DATASET —
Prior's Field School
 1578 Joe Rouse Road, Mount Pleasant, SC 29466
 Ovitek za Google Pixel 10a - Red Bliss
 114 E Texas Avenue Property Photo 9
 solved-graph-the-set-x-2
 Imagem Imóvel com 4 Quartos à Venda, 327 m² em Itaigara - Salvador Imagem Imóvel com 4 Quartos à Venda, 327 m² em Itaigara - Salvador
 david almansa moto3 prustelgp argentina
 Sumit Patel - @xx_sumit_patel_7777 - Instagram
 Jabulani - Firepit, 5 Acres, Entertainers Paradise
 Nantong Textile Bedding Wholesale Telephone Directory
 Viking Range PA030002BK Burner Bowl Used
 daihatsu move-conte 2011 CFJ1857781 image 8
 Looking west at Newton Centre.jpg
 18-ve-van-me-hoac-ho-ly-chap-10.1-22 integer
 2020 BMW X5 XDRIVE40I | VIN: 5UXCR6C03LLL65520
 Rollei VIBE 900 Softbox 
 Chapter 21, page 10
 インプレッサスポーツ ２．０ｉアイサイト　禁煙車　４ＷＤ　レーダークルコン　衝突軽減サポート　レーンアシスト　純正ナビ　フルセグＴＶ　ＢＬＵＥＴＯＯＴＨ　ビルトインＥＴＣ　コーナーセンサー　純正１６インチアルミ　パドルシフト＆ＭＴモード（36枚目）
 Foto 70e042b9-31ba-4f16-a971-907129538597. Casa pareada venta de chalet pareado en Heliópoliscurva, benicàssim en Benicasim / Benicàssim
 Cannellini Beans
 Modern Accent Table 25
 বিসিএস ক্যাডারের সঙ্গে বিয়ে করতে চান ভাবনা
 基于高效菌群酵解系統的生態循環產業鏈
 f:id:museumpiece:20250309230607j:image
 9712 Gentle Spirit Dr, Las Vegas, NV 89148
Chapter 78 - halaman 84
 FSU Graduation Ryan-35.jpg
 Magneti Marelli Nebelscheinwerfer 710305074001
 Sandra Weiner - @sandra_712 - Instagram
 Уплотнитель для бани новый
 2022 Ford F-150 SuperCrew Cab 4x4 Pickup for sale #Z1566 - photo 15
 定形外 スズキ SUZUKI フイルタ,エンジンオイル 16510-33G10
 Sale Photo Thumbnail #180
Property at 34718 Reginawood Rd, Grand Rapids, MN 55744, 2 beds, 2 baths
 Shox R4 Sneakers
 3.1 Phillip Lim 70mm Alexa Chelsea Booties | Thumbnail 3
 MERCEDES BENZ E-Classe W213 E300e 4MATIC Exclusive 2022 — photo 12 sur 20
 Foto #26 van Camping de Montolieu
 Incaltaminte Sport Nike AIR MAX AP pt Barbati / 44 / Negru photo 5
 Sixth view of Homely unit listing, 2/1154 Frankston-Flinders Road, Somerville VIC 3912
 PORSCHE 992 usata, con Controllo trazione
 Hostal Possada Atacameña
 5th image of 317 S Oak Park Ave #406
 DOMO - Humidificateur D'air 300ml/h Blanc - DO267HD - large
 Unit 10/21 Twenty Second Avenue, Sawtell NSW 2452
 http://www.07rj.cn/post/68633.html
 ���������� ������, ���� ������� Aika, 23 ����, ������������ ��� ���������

PROBLEM — Please retype the data above exactly, including every line.

ANSWER TO THE PROBLEM —
Prior's Field School
 1578 Joe Rouse Road, Mount Pleasant, SC 29466
 Ovitek za Google Pixel 10a - Red Bliss
 114 E Texas Avenue Property Photo 9
 solved-graph-the-set-x-2
 Imagem Imóvel com 4 Quartos à Venda, 327 m² em Itaigara - Salvador Imagem Imóvel com 4 Quartos à Venda, 327 m² em Itaigara - Salvador
 david almansa moto3 prustelgp argentina
 Sumit Patel - @xx_sumit_patel_7777 - Instagram
 Jabulani - Firepit, 5 Acres, Entertainers Paradise
 Nantong Textile Bedding Wholesale Telephone Directory
 Viking Range PA030002BK Burner Bowl Used
 daihatsu move-conte 2011 CFJ1857781 image 8
 Looking west at Newton Centre.jpg
 18-ve-van-me-hoac-ho-ly-chap-10.1-22 integer
 2020 BMW X5 XDRIVE40I | VIN: 5UXCR6C03LLL65520
 Rollei VIBE 900 Softbox 
 Chapter 21, page 10
 インプレッサスポーツ ２．０ｉアイサイト　禁煙車　４ＷＤ　レーダークルコン　衝突軽減サポート　レーンアシスト　純正ナビ　フルセグＴＶ　ＢＬＵＥＴＯＯＴＨ　ビルトインＥＴＣ　コーナーセンサー　純正１６インチアルミ　パドルシフト＆ＭＴモード（36枚目）
 Foto 70e042b9-31ba-4f16-a971-907129538597. Casa pareada venta de chalet pareado en Heliópoliscurva, benicàssim en Benicasim / Benicàssim
 Cannellini Beans
 Modern Accent Table 25
 বিসিএস ক্যাডারের সঙ্গে বিয়ে করতে চান ভাবনা
 基于高效菌群酵解系統的生態循環產業鏈
 f:id:museumpiece:20250309230607j:image
 9712 Gentle Spirit Dr, Las Vegas, NV 89148
Chapter 78 - halaman 84
 FSU Graduation Ryan-35.jpg
 Magneti Marelli Nebelscheinwerfer 710305074001
 Sandra Weiner - @sandra_712 - Instagram
 Уплотнитель для бани новый
 2022 Ford F-150 SuperCrew Cab 4x4 Pickup for sale #Z1566 - photo 15
 定形外 スズキ SUZUKI フイルタ,エンジンオイル 16510-33G10
 Sale Photo Thumbnail #180
Property at 34718 Reginawood Rd, Grand Rapids, MN 55744, 2 beds, 2 baths
 Shox R4 Sneakers
 3.1 Phillip Lim 70mm Alexa Chelsea Booties | Thumbnail 3
 MERCEDES BENZ E-Classe W213 E300e 4MATIC Exclusive 2022 — photo 12 sur 20
 Foto #26 van Camping de Montolieu
 Incaltaminte Sport Nike AIR MAX AP pt Barbati / 44 / Negru photo 5
 Sixth view of Homely unit listing, 2/1154 Frankston-Flinders Road, Somerville VIC 3912
 PORSCHE 992 usata, con Controllo trazione
 Hostal Possada Atacameña
 5th image of 317 S Oak Park Ave #406
 DOMO - Humidificateur D'air 300ml/h Blanc - DO267HD - large
 Unit 10/21 Twenty Second Avenue, Sawtell NSW 2452
 http://www.07rj.cn/post/68633.html
 ���������� ������, ���� ������� Aika, 23 ����, ������������ ��� ���������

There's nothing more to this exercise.